• _Exercise aim_
Your answer must be an exact repeat of the lines from the one containing "Giảng Sư Đứng Đầu, Baek Sư Phụ: Chapter 74" through the last line of the records, both included, with no pictures.

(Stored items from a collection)
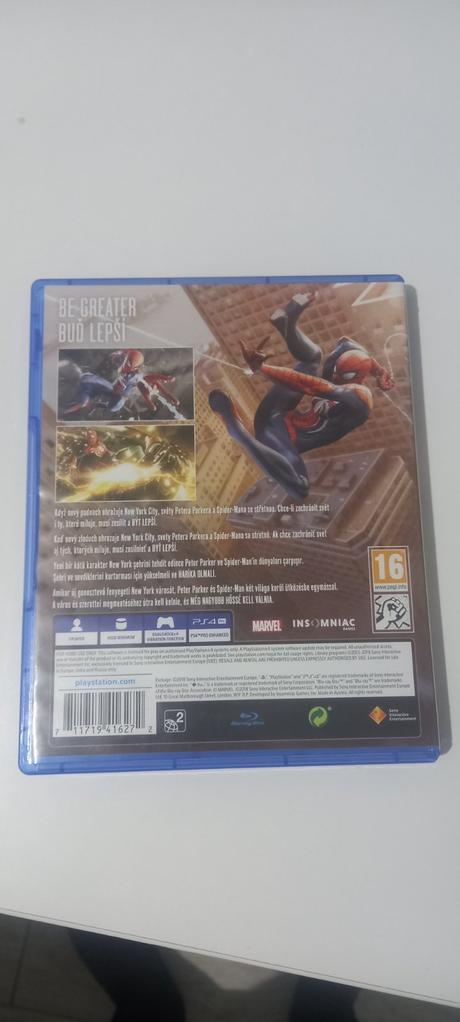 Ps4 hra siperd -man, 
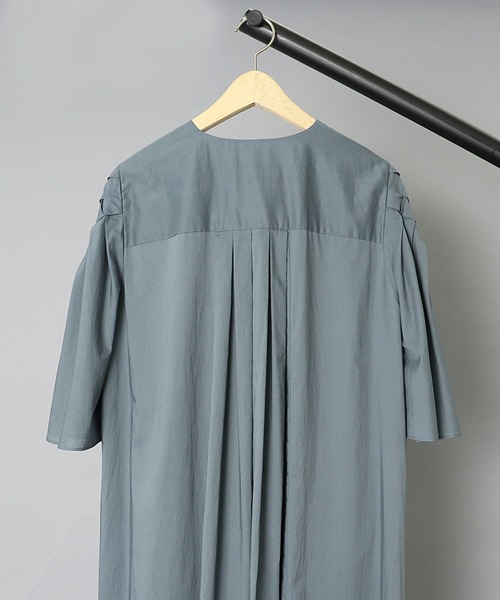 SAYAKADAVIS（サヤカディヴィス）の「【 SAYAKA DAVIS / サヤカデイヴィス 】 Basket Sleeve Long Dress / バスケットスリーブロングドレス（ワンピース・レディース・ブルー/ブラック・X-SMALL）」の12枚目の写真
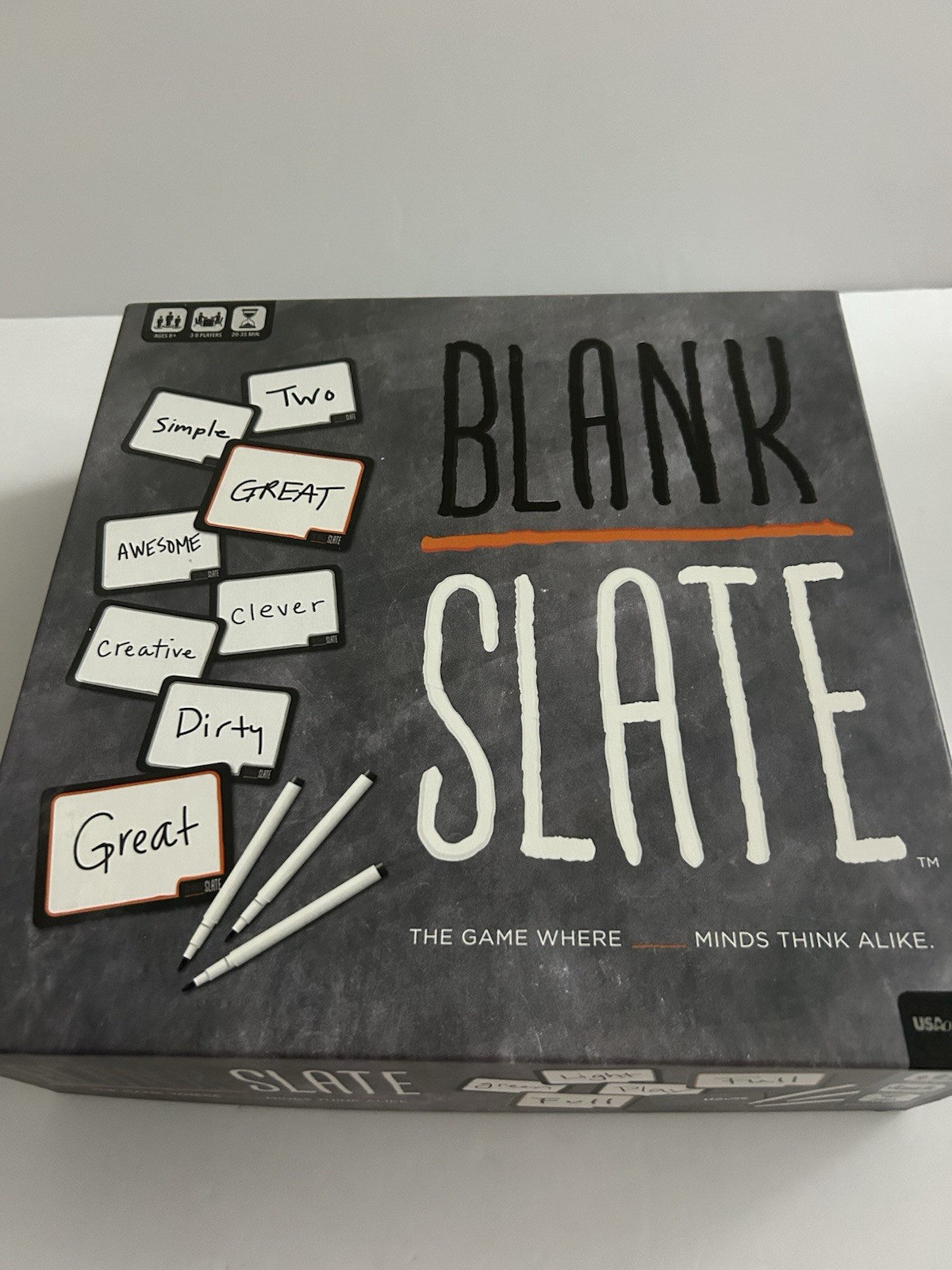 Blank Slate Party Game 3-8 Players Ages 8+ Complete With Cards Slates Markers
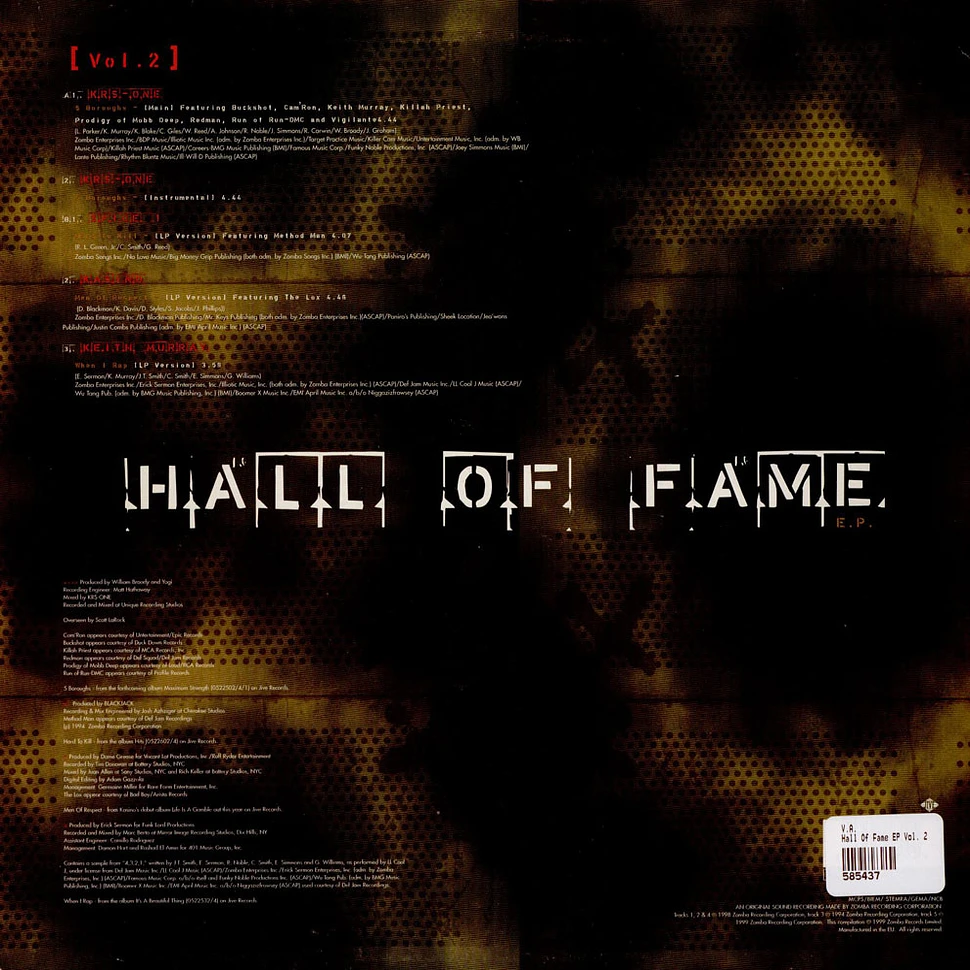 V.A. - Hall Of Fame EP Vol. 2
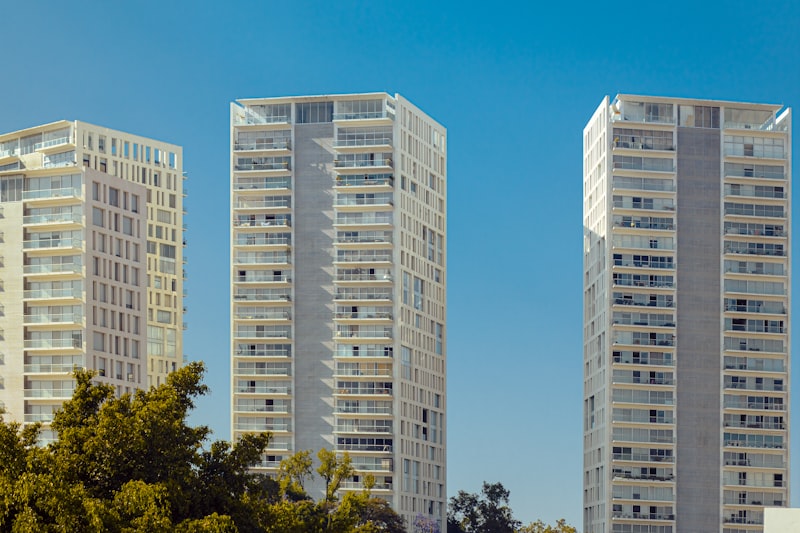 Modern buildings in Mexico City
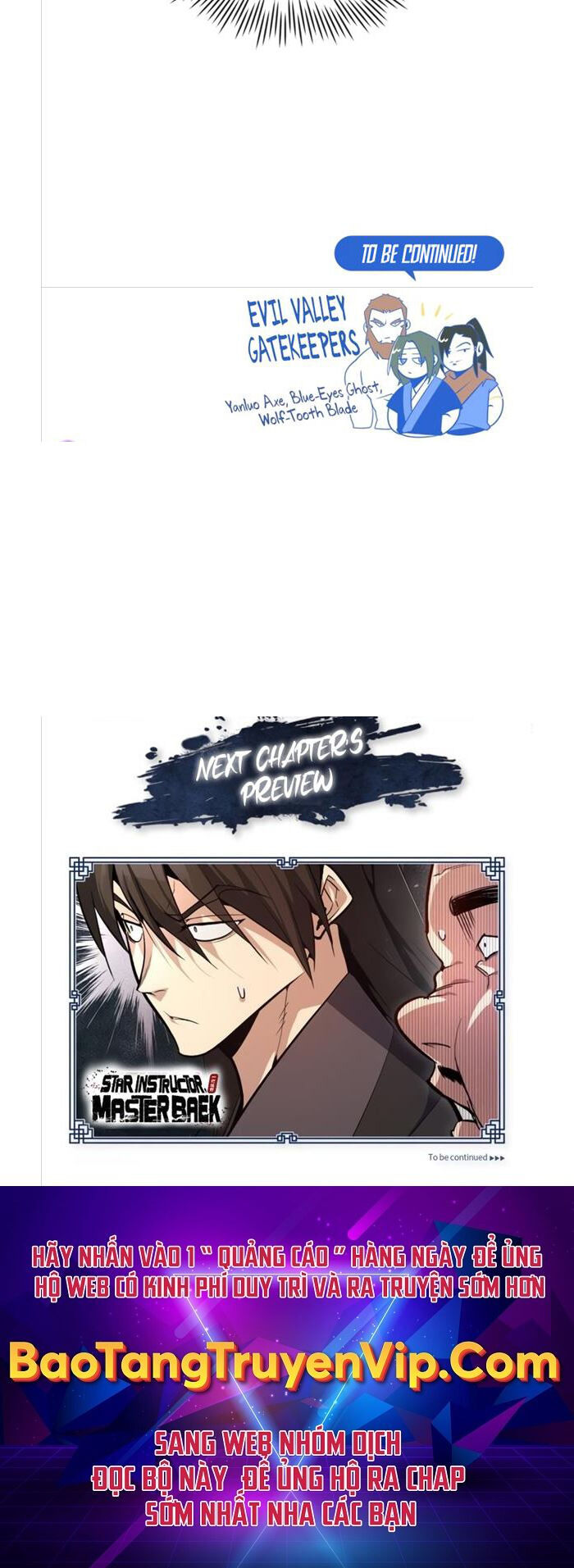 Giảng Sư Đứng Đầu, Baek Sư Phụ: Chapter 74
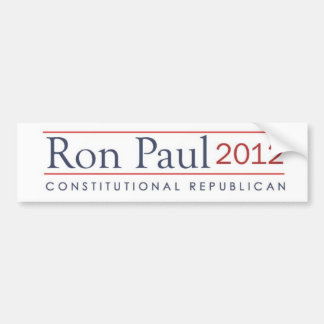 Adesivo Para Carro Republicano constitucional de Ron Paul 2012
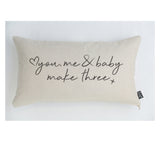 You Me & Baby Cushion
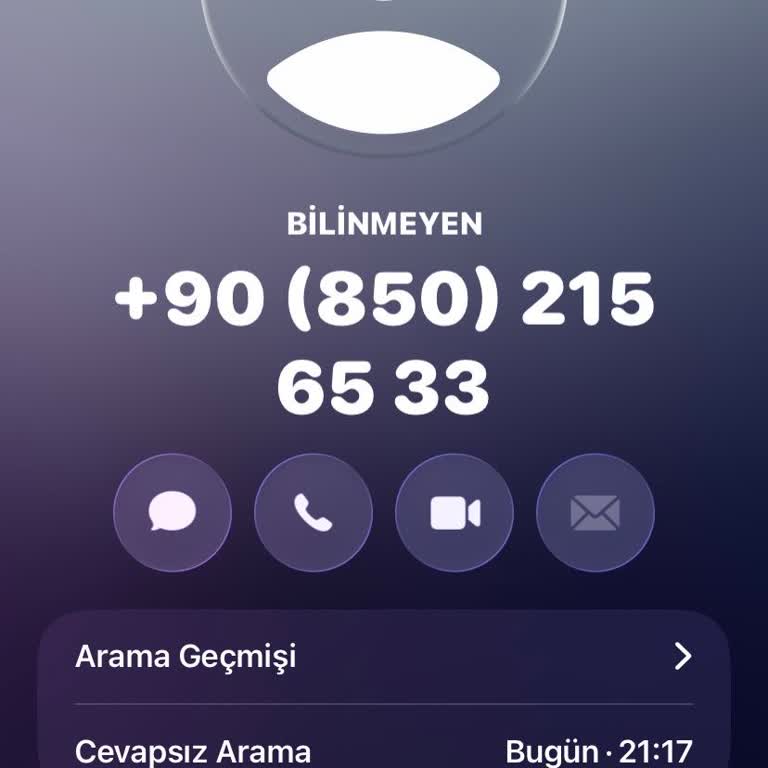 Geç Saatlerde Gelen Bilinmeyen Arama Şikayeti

• _Solution for this exercise_
 Giảng Sư Đứng Đầu, Baek Sư Phụ: Chapter 74
 Adesivo Para Carro Republicano constitucional de Ron Paul 2012
 You Me & Baby Cushion
 Geç Saatlerde Gelen Bilinmeyen Arama Şikayeti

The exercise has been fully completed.